According to the Indian Sugar Mills Association (ISMA), 491 sugar mills have been in operation till 31 January of the current marketing season, against 447 in the year-ago period.
Third-largest sugar producer Karnataka also reported an increased yield of 34.38 lakh tonne till January.
The country’s 491 sugar mills have together produced 176.83 lakh tonne of the commodity in the first four months of the current sugar season, which started on October 1, against 141 lakh tonne produced in the corresponding period last season. The production is up by around 25%, backed by an increased yield in Maharashtra.
According to the Indian Sugar Mills Association (ISMA), 491 sugar mills have been in operation till 31 January of the current marketing season, against 447 in the year-ago period. Among the states, production in Maharashtra, which had a bad sugar season last year, has increased substantially to 63.80 lakh tonne from 34.64 lakh tonne in the said period, while production in Uttar Pradesh — the country’s leading producer last year — remained slightly lower at 54.43 lakh tonne till January this season, against 54.96 lakh tonne a year ago.
Third-largest sugar producer Karnataka also reported an increased yield of 34.38 lakh tonne till January from 27.94 lakh tonne a year ago, while that of Gujarat stood at 5.55 lakh tonne against 4.87 lakh tonne last year.
“In Tamil Nadu, Andhra Pradesh and Telangana, 37 sugar mills are in operation and have produced 3.56 lakh tonne as on January 31, as compared to 4.39 lakh tonne produced by 39 sugar mills in the corresponding period last season. The remaining states of Bihar, Uttarakhand, Punjab, Haryana, Madhya Pradesh, Chhattisgarh, Rajasthan, Odisha have collectively produced 15.11 lakh tonne of sugar,” the ISMA statement said, adding that the sales during the October-December period of the ongoing marketing season are reported to be more or less similar to that of the last year at around 6.75 million tonne.
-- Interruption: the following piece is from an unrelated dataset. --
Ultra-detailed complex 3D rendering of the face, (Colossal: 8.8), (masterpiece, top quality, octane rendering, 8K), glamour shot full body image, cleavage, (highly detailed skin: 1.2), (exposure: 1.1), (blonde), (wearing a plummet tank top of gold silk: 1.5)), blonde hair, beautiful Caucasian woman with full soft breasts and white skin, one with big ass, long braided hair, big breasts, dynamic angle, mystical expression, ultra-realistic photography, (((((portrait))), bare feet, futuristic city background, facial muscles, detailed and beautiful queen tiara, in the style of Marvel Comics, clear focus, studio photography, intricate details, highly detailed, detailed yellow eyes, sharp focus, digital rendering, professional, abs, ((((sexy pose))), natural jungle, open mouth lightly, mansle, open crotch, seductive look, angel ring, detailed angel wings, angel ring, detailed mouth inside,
Welcoming the Budget proposals, ISMA said the increase in import duty on denatured ethyl alcohol from 2.5% to 5% would make inward shipments costlier by around Rs 1 per litre at the current global rates, which, in turn, would increase the demand for domestic molasses and alcohol produced by the Indian sugar industry and grain-based distilleries, giving better returns. This will ensure better payments to the Indian sugarcane and grain farmers, it said.
“The Budget also talks of encouraging renewable energy, clean air as well as emphasises a lot on encouraging Indian agriculture. This will give further boost to the ethanol production from sugarcane and surplus grains and maize, because ethanol-blended petrol reduces vehicular pollution and directly improves air quality. It would directly benefit the Indian farmers,” it said.
“Overall, the Indian sugar industry welcomes the various steps taken by the government to financially help the industry and the sugarcane farmers,” ISMA said.
The industry body also requested the government to extend all those benefits and incentives proposed to be given to other sectors — which contribute toward improving air quality and increasing renewable energy production in the country — to the sugar industry and distilleries that produce and supply ethanol for blending with petrol.